Değerli kardeşlerim, sadatlarımızın gayreti büyüktür, sizi onların gayretine havale ediyorum ve son olarak yüce Allah'tan niyaz ediyorum bizi ve sizi affeylesin, niyetlerimizi gerçekleştirsin. Buraya varmak için sarf ettiğiniz maddiyattan yüce Allah kat kat size ihsan eylesin ve yüce Allah attığınız her adımın karşılığında günahlarınızı affeylesin ve evinize sağ selim dönmeyi yüce Allah size nasip eylesin.

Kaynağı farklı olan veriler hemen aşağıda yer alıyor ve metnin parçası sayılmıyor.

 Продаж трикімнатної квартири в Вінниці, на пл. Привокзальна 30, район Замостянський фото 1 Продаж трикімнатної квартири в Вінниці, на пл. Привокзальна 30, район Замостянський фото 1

Değerli kardeşlerim, size şu müjdeyi veriyorum: Şeyh hazretlerinin adapları olduğu gibi korunmaktadır. Böyle sizin gibi muhteşem toplum, münevver alimler, muhlis etbalar, ehli sadakat, ehli saygı ve sevgi olan kimseler Şeyh hazretlerinin adabının kalıcı olduğuna en büyük şahittir. Şuna inanın ve güvenin Şeyh hazretlerinin adabına hiç kimse saldıramaz, yok edemez, onları kaldıramaz. Eğer biz Şeyh hazretlerinin, sadatı kiramın adaplarına uygun hareket edersek, kalbimize dünya menfaati girmezse, siyaset girmezse, makam girmezse, bidat girmezse, şeri muhalefetler girmezse bilin ki Şeyh hazretlerinin adabı bu şekilde aramızda kalıcı olacaktır ve hiç kimse ona zerre kadar zarar veremez.
Değerli kardeşlerim, sözümün sonunda Şeyh hazretlerinin şu vasiyetini size beyan etmek istiyorum. Şöyle buyururdu: bizim kendi sözümüzü, kavlimizi fiile çevirmemiz lazımdır. Mazharı, hakikate çevirmemiz lazımdır ve tüm hissiyatımız, bildiklerimiz ameli olmalıdır. Bildiğimiz adabu terbiyeler ameli olmalıdır ve yüce Allah'tan temenni ediyoruz bizi amel etmeye muvaffak eylesin. Yüce Rabbim her şeye kadirdir.